UNICOS
- Developer: Cray Research
- Written in: Assembly, C
- OS family: Unix and Linux
- Working state: Discontinued
- Source model: Closed source and Open source
- Initial release: 1984; 41 years ago
- Marketing target: Supercomputers
- Available in: English
- Platforms: Monolithic kernel: Cray-1, 2, X-MP, X1, XT3, XT4, XT5 Microkernel: Y-MP, C90, T3D, T3E
- Kernel type: Monolithic (some) Microkernel (some)
- Default user interface: Command line interface
- License: Proprietary
- Preceded by: CX-OS Cray Operating System (COS)
- Succeeded by: Cray Linux Environment
- Official website: www.cray.com

= UNICOS =

UNICOS is a range of Unix and later Linux operating system (OS) variants developed by Cray for its supercomputers.

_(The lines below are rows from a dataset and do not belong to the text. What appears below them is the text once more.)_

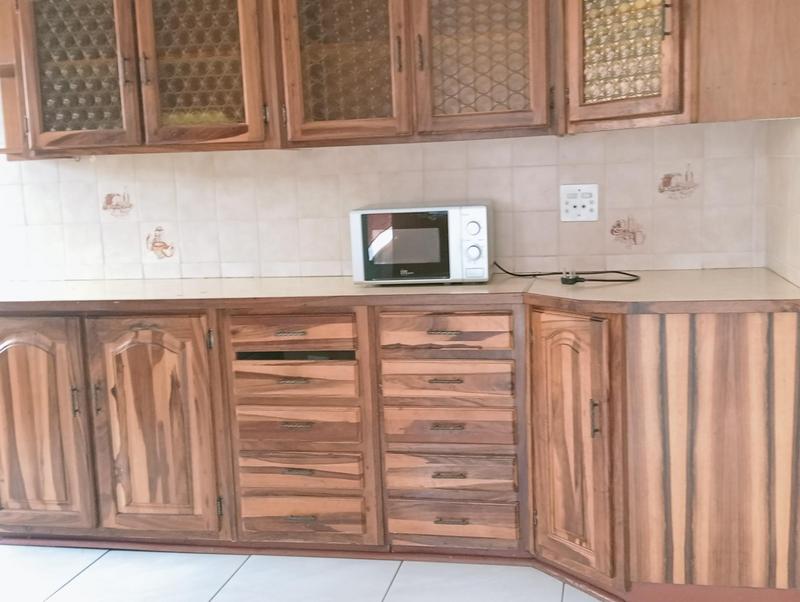 6 Bedroom Property for Sale in Helikonpark Gauteng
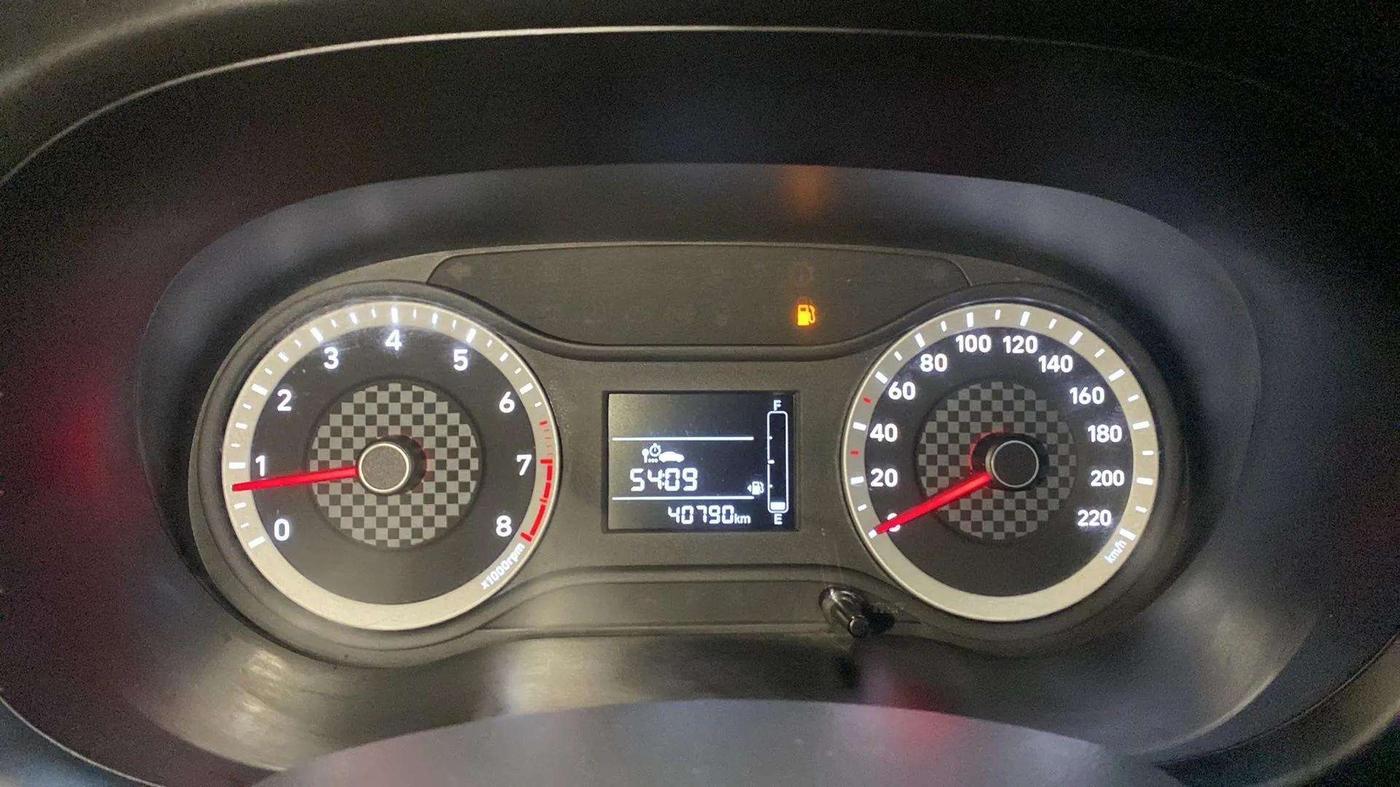 2021 Hyundai AURA S 1.2, Petrol, Manual, 40,746 km, Odometer Image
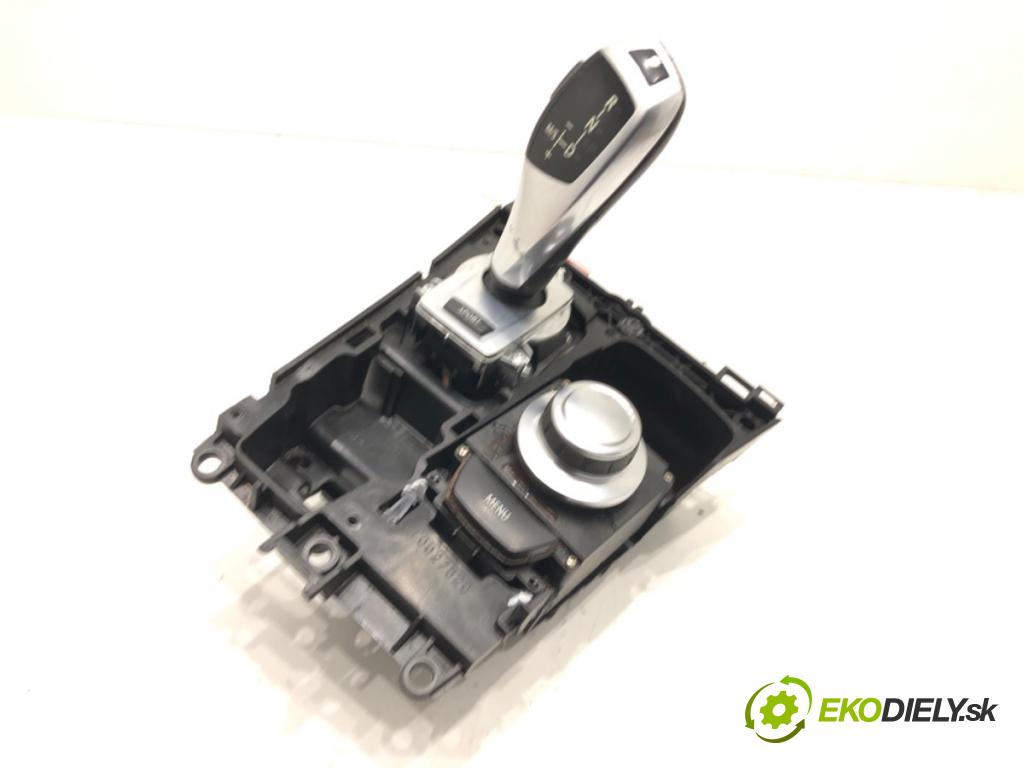 BMW X6 (E71, E72) 2007 - 2014    xDrive 35 i 225 kW [306 KM] benzyna 2008 - 2014  Kulisa  (Rýchlostné páky / kulisy)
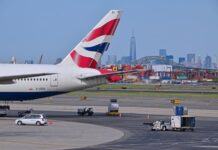 La administración Biden mantendrá las restricciones a los viajeros provenientes de Europa y Brasil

UNICOS is the successor of the Cray Operating System (COS). It provides network clustering and source code compatibility layers for some other Unixes. UNICOS was originally introduced in 1985 with the Cray-2 system and later ported to other Cray models. The original UNICOS was based on UNIX System V Release 2, and had many Berkeley Software Distribution (BSD) features (e.g., computer networking and file system enhancements) added to it.

==Development==
CX-OS was the original name given to what is now UNICOS. This was a prototype system which ran on a Cray X-MP in 1984 before the Cray-2 port. It was used to demonstrate the feasibility of using Unix on a supercomputer system, before Cray-2 hardware was available.

The operating system revamp was part of a larger movement inside Cray Research to modernize their corporate software: including rewriting their most important Fortran compiler (cft to cft77) in a higher-level language (Pascal) with more modern optimizations and vectorizations.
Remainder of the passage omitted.